The couple planned on visiting George Square before catching their train home, as they been told it was well worth a visit.
Between the bustling shops and the fairground and ice rink set up in the middle of the square, they said the city centre was “heaving”.
“There were rivers of people everywhere,” said Mrs McKeith.
But on approach to George Square, they realised something was horribly wrong.
“Ambulances and police cars came flying past and there were sirens everywhere,” she said.
“The place was in lockdown.”
Soon, the severity of the incident started to sink in.
“People were walking past us crying,” she said.
“Bags of what looked like Christmas shopping where strewn on the ground.
“Officers were climbing up on ladders and putting up tarpaulin so that the public couldn’t see what was happening. There was even a helicopter flying overhead.
“We missed it all by just five minutes.
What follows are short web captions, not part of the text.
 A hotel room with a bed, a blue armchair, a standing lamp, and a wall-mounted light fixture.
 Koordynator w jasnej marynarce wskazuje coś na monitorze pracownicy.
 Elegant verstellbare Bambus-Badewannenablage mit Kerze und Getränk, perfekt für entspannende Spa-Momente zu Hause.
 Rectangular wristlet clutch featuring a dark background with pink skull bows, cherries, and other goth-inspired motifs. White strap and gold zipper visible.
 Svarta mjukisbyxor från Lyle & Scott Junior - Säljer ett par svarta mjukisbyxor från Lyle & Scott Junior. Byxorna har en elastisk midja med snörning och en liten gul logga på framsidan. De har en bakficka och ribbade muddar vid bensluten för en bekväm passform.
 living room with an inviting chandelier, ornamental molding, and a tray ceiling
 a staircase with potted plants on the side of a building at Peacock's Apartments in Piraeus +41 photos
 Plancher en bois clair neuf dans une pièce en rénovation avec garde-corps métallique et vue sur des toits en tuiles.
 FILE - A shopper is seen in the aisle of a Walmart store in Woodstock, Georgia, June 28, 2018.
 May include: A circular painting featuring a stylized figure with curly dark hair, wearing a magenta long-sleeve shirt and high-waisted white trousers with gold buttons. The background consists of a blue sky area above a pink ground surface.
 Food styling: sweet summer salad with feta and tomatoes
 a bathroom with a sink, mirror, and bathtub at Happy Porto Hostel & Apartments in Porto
It we hadn’t decided to stop on for dessert, we could have been right there.”
The McKeith’s had been updating their friends and family during their afternoon out on social media, and soon received panicked phone calls from their children – who knew they were heading for George Square – to make sure they were OK.
As the couple returned home last night on the train, they said they could not forget the upsetting and chaotic scenes.
Mr McKeith said that as a lorry driver himself, he could not bear to think what the driver would feel like if he has pulled through.
“I can’t stop thinking about the poor families of all those involved,” he said.
“It’s just three days before Christmas – it’s tragic.”
Mrs McKeith added: “Someone was definitely looking down on us.”